1) Second London: a “what if…” approach discovers how London (or another city) would look if rejected designs for the famous buildings/bridges/statues etc had been accepted. There could also be an interactive webpage where viewers can look at different possibilities, view places from different angles, see different skylines, focus on specific areas etc. The programme could also investigate how London would look if the blitz and great fire had not occurred.
2) Nearly Programme: a broader concept is taken from Second London to form a “Nearly programme”. This looks at things in the media that nearly happened. For example: rejected designs for characters (Teletubbies and cartoon characters etc) and famous roles that nearly went to other actors (the role of Captain Mainwaring nearly went to Jon Pertwee and the part of Lister in Red Dwarf nearly went to Alfred Molina).
3) The Human Antiques: the ‘antiques’ that are human body parts are profiled. For example, Einstein’s brain is in storage and large sums have been paid for Elvis’s toenail clippings.
4) The Travelling Museum: a number of historically interesting places (such as disused tube stations and the subway at the Crystal Palace site) that are not open to the public are profiled. The Travelling Museum profiles one place and its history per week, and then opens the place to the public for a temporary period (perhaps a week). The museum then moves on to the next site.
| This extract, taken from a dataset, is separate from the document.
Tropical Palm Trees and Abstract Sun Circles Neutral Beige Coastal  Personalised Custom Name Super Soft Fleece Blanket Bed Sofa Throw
5) Remaking It - the forgeries: famous forgeries – such as the Piltdown Skull, the Hitler Diaries and The Turin Shroud – are investigated and remade using the same techniques as the forger. Then, the programme remakes them using all the modern technology available and compares the modern versions to the originals. There could also be investigations into genuine objects (such as the Stradivarius violins).
6) NOW Focus: ‘now’ (the time of broadcast) and its events and statistics are profiled. For example: how many people being born now, how many dying, how many emails being sent, how many people flying in planes, how many committing suicide etc.
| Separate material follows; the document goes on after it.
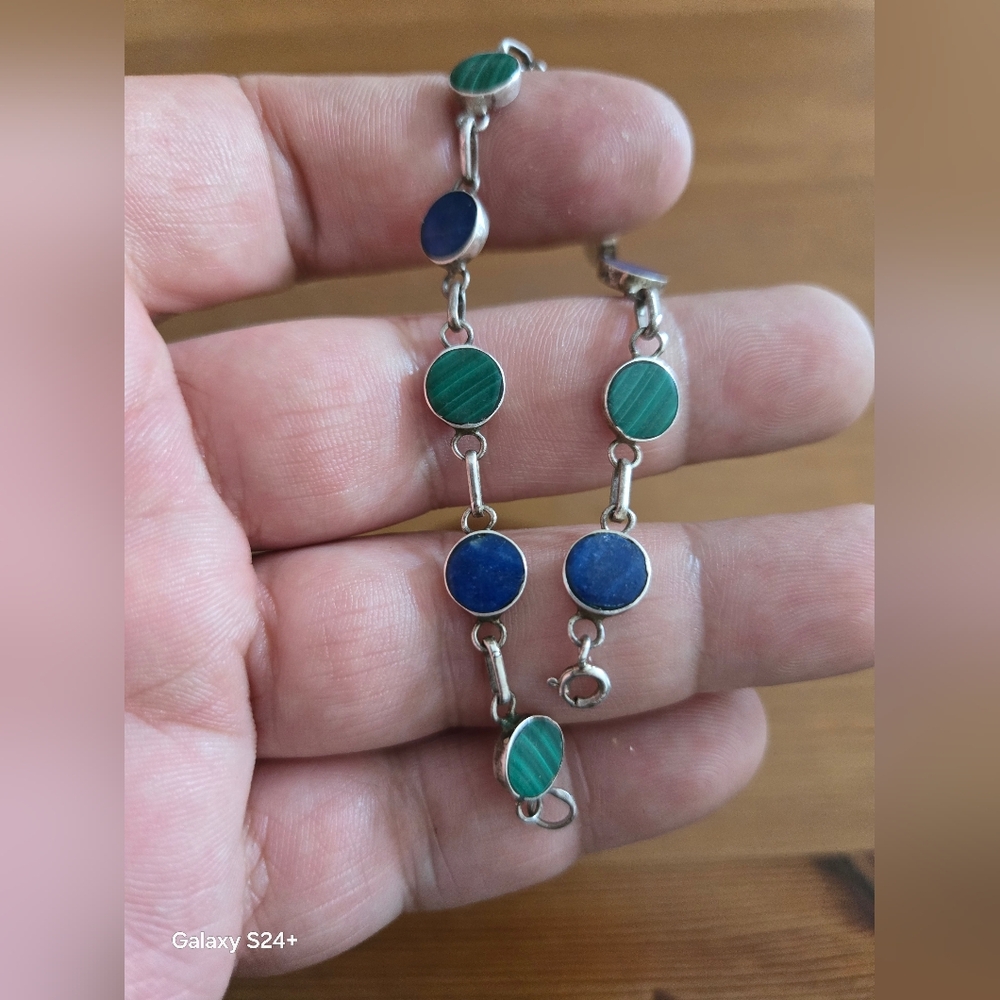 Elegant Sterling Silver 925 Bracelet with Green and Blue Stones 7.5"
7) Money Facts: the notes and coins in everyone’s pockets are profiled. For example: numbers of notes and coins in circulation, total value of notes in circulation, value of notes destroyed each year etc.
8) The Kids Are All Grown Up: a ‘Where are they now’ approach features people famous as children as they are now. For example: people who starred in soaps, films, news items and programmes (such as the Teletubby baby and the children from the Jim’ll Fix It rollercoaster stunt with the children eating lunch on a rollercoaster).
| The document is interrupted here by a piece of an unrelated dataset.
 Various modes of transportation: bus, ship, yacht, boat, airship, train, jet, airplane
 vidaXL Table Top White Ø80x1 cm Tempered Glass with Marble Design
9) How Much Do You Eat? the amount an average person eats in a year is shown. This could be expanded to ask questions such as: how much air do you breathe in a lifetime? How much blood does your heart pump in a lifetime?
10) Ten Impressions Of Tony Blair: ten ‘versions’ of Tony Blair are found or commissioned. For example: waxwork models, ice sculpture portraits, lego model, photos as a baby and as a student, Spitting Image model, professional lookalike etc. Artists and sculptures and followed when producing their contribution. There could also be different subjects.
11) Ten Works Of Art To Mark An Occasion: artists and sculptures are asked to create ten works of art to mark an occasion, anniversary etc.
12) What They Could Have Looked Like: artists’ impressions and models of Jesus (based on the Turin Shroud), Shakespeare, ‘man in moon’ etc. are created.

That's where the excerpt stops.